Print every record exactly, omitting all pictures.

######

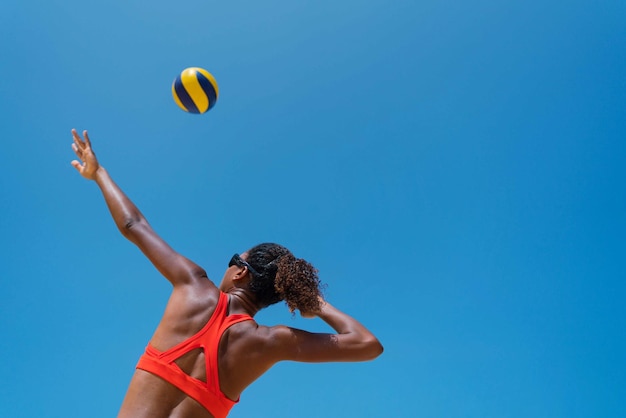 Photo une femme aux cheveux afro joue au volleyball de plage.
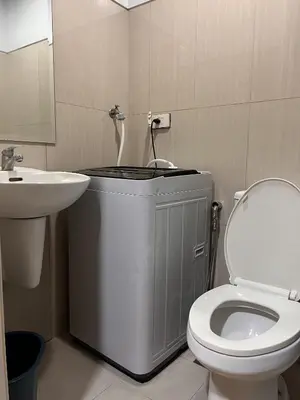 a bathroom with a white toilet and a sink at SM Mall Of Asia Shore Residences Vianny in Manila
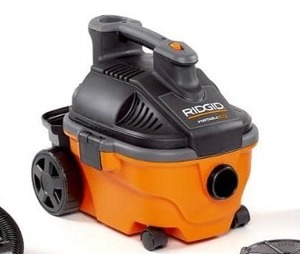 lot 3695 image: RIDGID 15L (4 Gal.) 5.0 Peak HP Portable WetDry Shop Vacuum with Large Rear Wheels & Storage, Orange, Black, 19 x 17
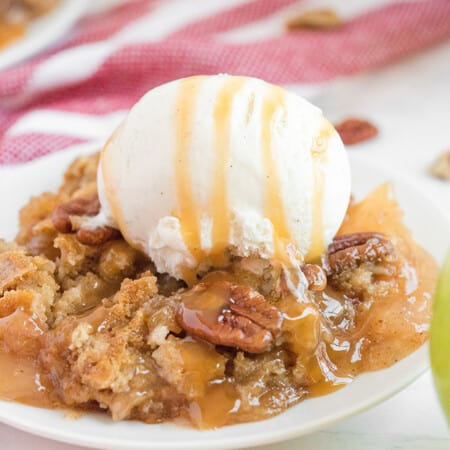 Caramel Apple Dump Cake - One of the easiest cake recipes you will find! Made with butter pecan cake mix, caramel sundae sauce, apple pie filling and pecans.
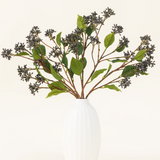 Een Zijden kunstbloemen boeket Japanse Berry Staalblauw met lange stelen, donkerpaarse bessen en staalbladeren staat in een vaas met witte textuur tegen een effen lichte achtergrond.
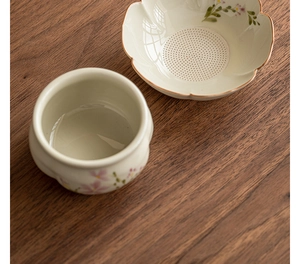 Detail of hand-painted ceramic tea strainer set with pink floral patterns and gold trim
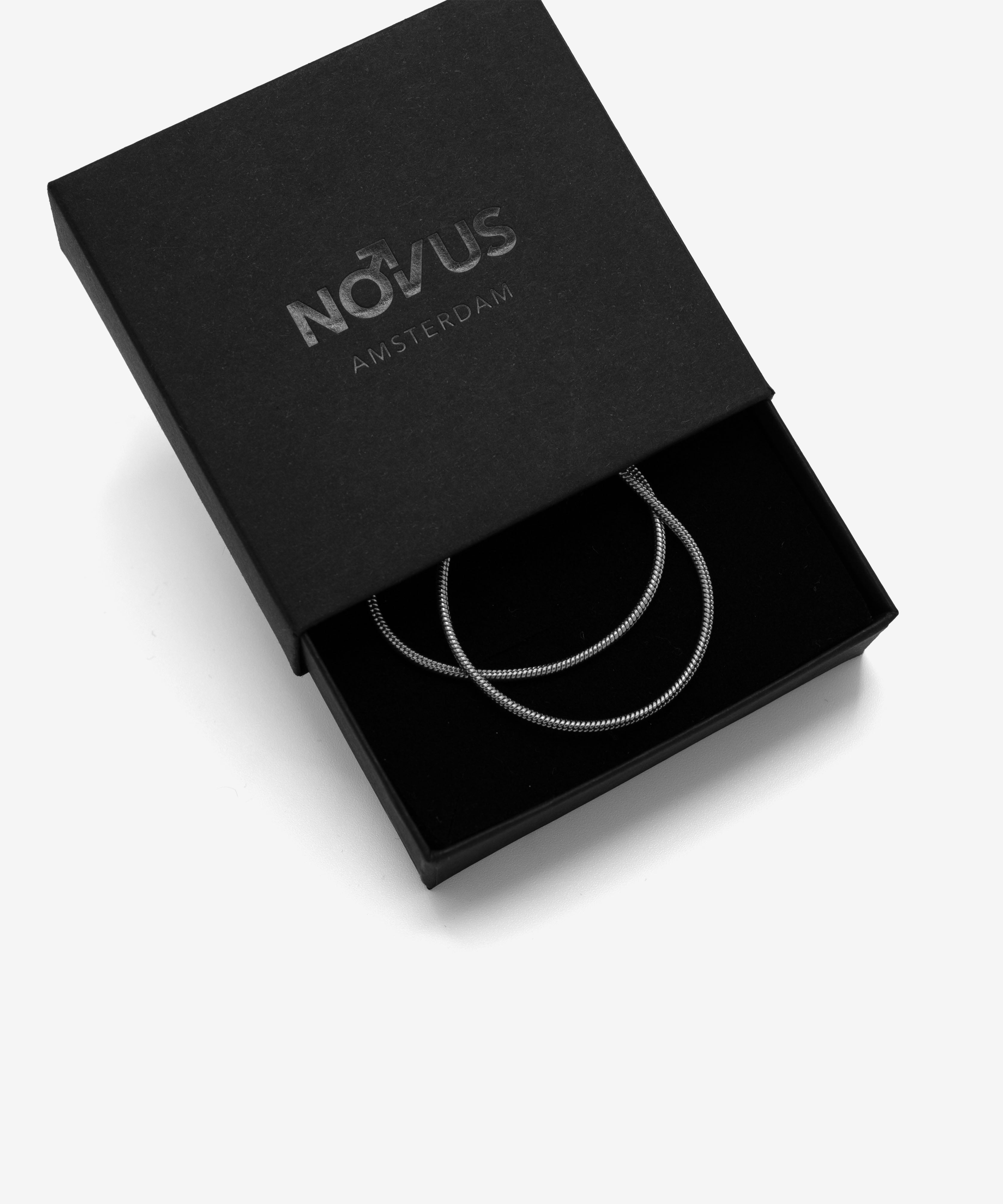 Silver snake chain necklace with lobster clasp in jewelry box, 1.5 mm width, from NOVUS Amsterdam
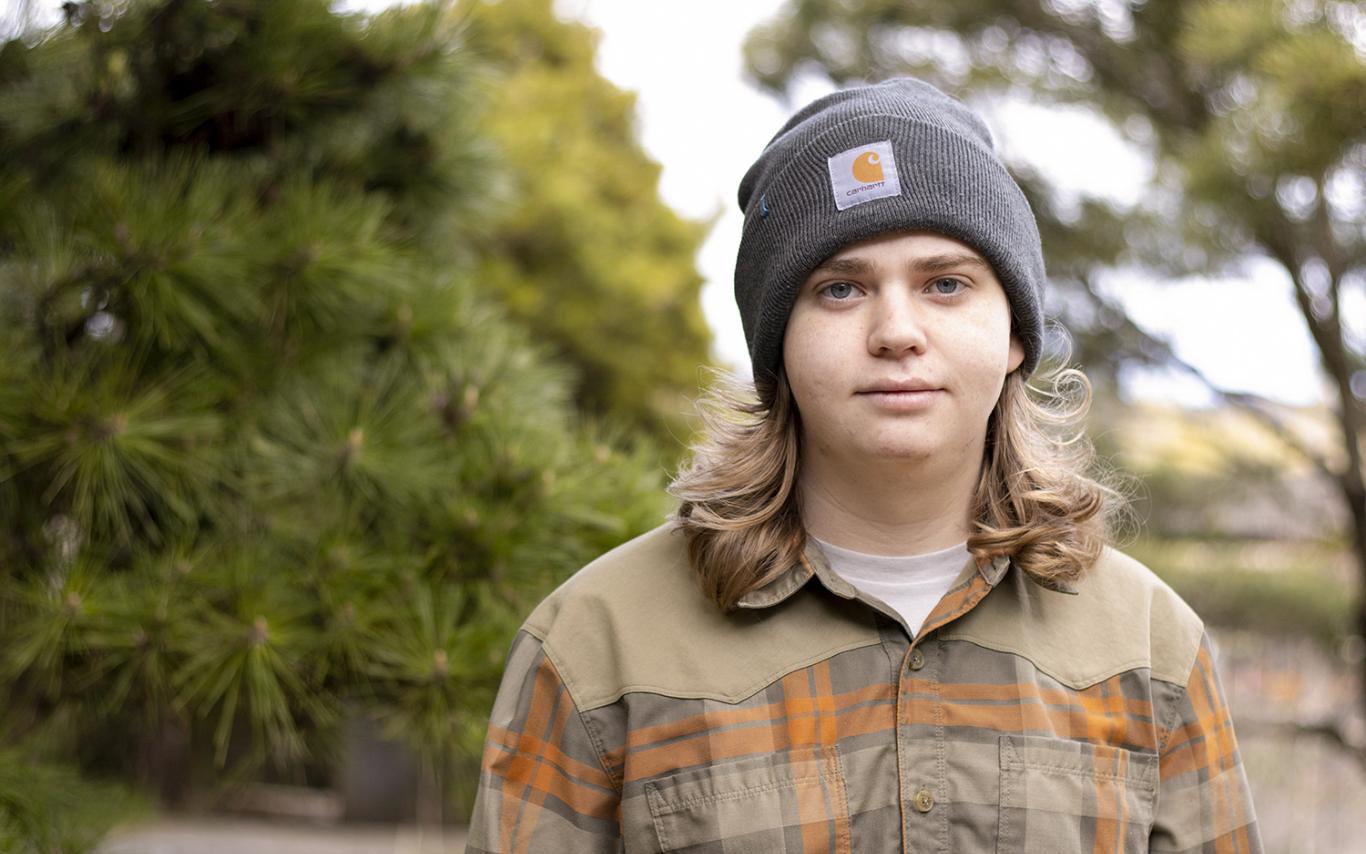 Marcel Du Pleissis stands in a garden area at VIU's Nanaimo campus.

######

• [Final answer]
 Photo une femme aux cheveux afro joue au volleyball de plage.
 a bathroom with a white toilet and a sink at SM Mall Of Asia Shore Residences Vianny in Manila
 lot 3695 image: RIDGID 15L (4 Gal.) 5.0 Peak HP Portable WetDry Shop Vacuum with Large Rear Wheels & Storage, Orange, Black, 19 x 17
 Caramel Apple Dump Cake - One of the easiest cake recipes you will find! Made with butter pecan cake mix, caramel sundae sauce, apple pie filling and pecans.
 Een Zijden kunstbloemen boeket Japanse Berry Staalblauw met lange stelen, donkerpaarse bessen en staalbladeren staat in een vaas met witte textuur tegen een effen lichte achtergrond.
 Detail of hand-painted ceramic tea strainer set with pink floral patterns and gold trim
 Silver snake chain necklace with lobster clasp in jewelry box, 1.5 mm width, from NOVUS Amsterdam
 Marcel Du Pleissis stands in a garden area at VIU's Nanaimo campus.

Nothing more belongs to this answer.